The clock said thirteen minutes after midnight. Over at the copy desk, the direct line to the press box rang once, and the rim editor Takano grabbed the receiver. The call lasted a few seconds, and Takano turned and said something to Tabe next to him. Tabe’s head, with its hairline that had receded five centimeters, rose above his desktop computer as he shouted toward the layout desk across the aisle, “The front page and the Metro page, we might have to swap out an article!”

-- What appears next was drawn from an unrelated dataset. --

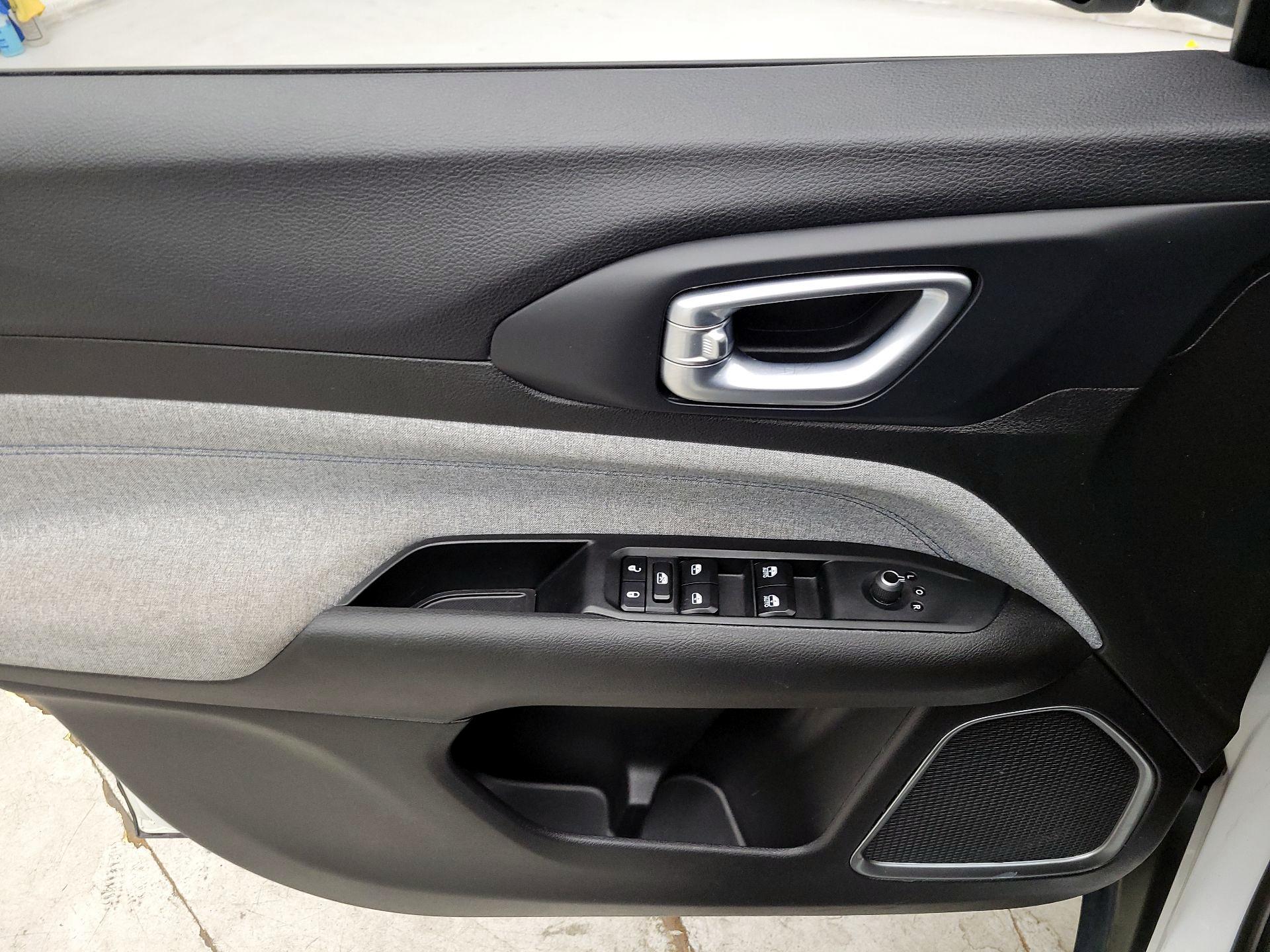 Thumbnail: 2023 Jeep Compass - 12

Then Tabe cried out in a voice that resounded through the entire Metro section, “There’s an unmarked police car in Sanno Ni-chome. They’ve also spotted vehicles from the investigation unit in the back lot of Omori Police Department.” Right away, the overnight reporters looked up, asking, “Something up?”

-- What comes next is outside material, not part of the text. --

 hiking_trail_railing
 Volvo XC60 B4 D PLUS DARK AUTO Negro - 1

“Don’t know yet. In any case, the chief inspectors of the First Investigation Division and the Crime Scene Unit have not returned to their official residences. The police departments in each of the two areas are keeping mum. The kisha nook is waiting for the broadcast. Hey, Doi, make sure we have a residential map of the Sanno neighborhood. And keep the overnight staff in the photo section on standby.”
As he spoke, Tabe’s eyes darted to the large wall clock. Negoro also looked up at it. 12:16 a.m. No matter how much they pushed back, they had only an hour and a half until deadline. Whatever had happened, they wouldn’t be able to write much about it.
“Negoro, could you mark down two places where we can set up near Sanno Ni-chome and Omori Police Department?”
Negoro acknowledged Tabe’s directive with a raised hand. Setting aside his half-finished draft, from the files in his desk drawer he pulled out a list of the five hundred newspaper vendors in the entire metropolitan area. He had used this same list every time there had been an incident, so the pages were well worn and tattered. As he opened the list, he immediately thought of the vendor next to the post office at the intersection in Sanno Ni-chome, but it took a little while for him to call to mind the area where Omori Police Department stood.
Omori Police Department was located on the east side of Omori-machi Station on the Keihin Kyuko Line. It was where the Dai-Ichi Keihin highway branched off from Sangyo Road; at the fork in the road there was a Denny’s, and adjacent to the restaurant’s colorful roof was a small and inconspicuous four-story government building. On the same side of the street as the building, which could easily be overlooked if not careful, there were private apartment buildings and warehouses, as well as various small office buildings. The entrance of the police department faced the Dai-Ichi Keihin highway, and the rear exit faced Sangyo Road, and both sets of doors were shielded from view by the elevated road directly in front of them. Yes, that’s right, the entire area is like the bottom of a ravine, deprived of sunlight even during the daytime—as all these vivid details finally came back to him, he found a suitable vendor from the list and wrote down the telephone number. It was positioned along Dai-Ichi Keihin and about three hundred meters away from the police department, but with a pair of binoculars, it would be an ideal spot to stakeout the coming and goings of investigators.